[[ Input data, beginning ]]

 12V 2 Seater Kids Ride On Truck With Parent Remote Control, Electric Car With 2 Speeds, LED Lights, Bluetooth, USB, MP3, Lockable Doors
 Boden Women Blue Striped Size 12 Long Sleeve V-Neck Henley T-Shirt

[[ Input data, end ]]
[[ Input data, beginning ]]

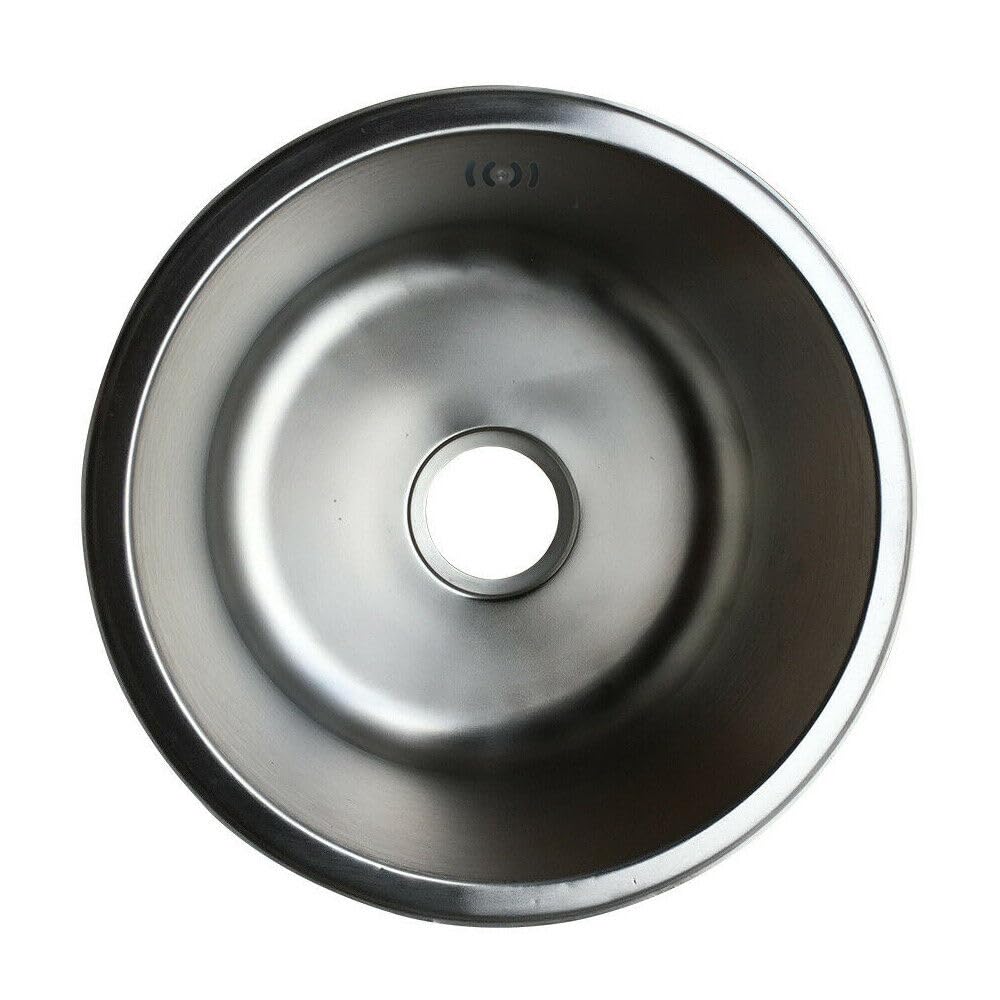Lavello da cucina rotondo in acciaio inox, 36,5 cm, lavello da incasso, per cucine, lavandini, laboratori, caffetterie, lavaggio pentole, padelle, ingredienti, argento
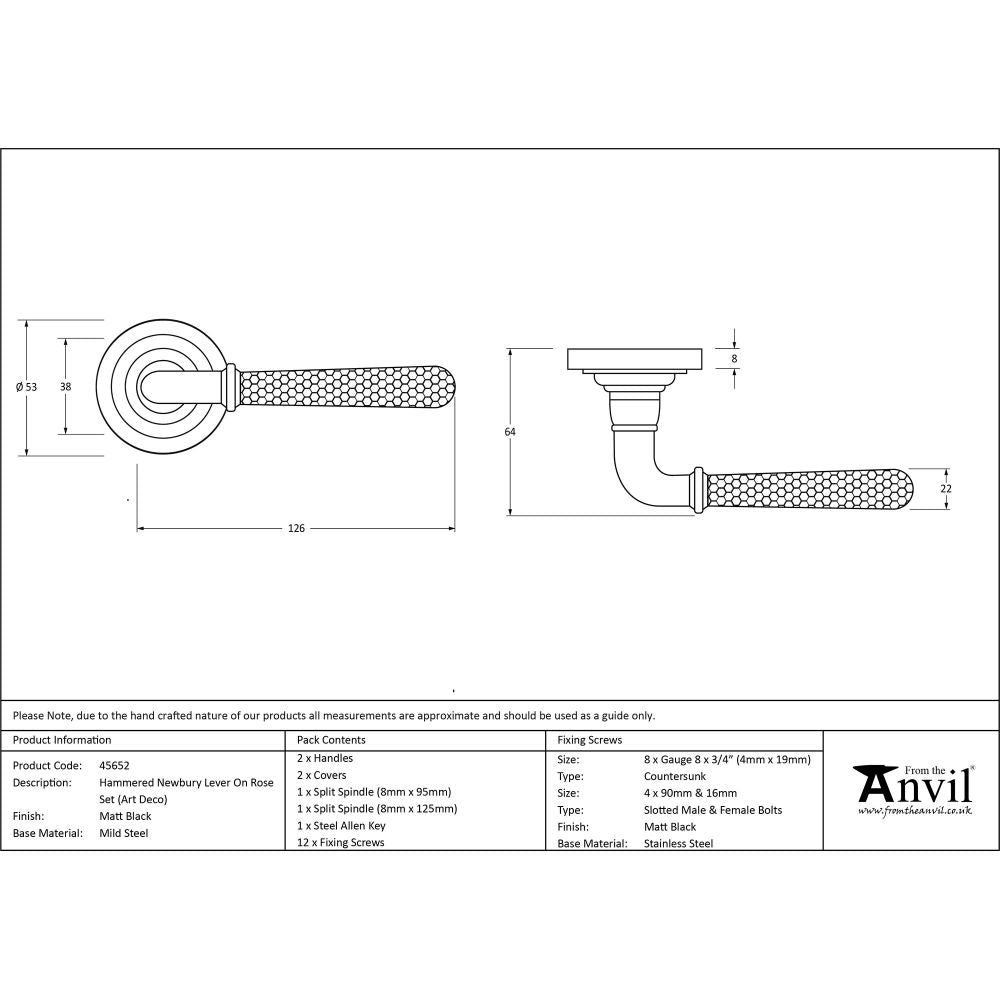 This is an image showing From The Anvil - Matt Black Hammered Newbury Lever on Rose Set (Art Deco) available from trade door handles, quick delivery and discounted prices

[[ Input data, end ]]
[[ Input data, beginning ]]

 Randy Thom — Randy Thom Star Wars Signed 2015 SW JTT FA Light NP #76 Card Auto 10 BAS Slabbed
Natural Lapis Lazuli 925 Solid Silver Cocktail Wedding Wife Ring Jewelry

[[ Input data, end ]]

#### [Goal of the exercise]
In the records above, everything from the line with "Lavello da cucina" down to the line with "This is an image" is to be set down exactly, both ends included, with no pictures and no other lines.

#### [Solution below]
Lavello da cucina rotondo in acciaio inox, 36,5 cm, lavello da incasso, per cucine, lavandini, laboratori, caffetterie, lavaggio pentole, padelle, ingredienti, argento
 This is an image showing From The Anvil - Matt Black Hammered Newbury Lever on Rose Set (Art Deco) available from trade door handles, quick delivery and discounted prices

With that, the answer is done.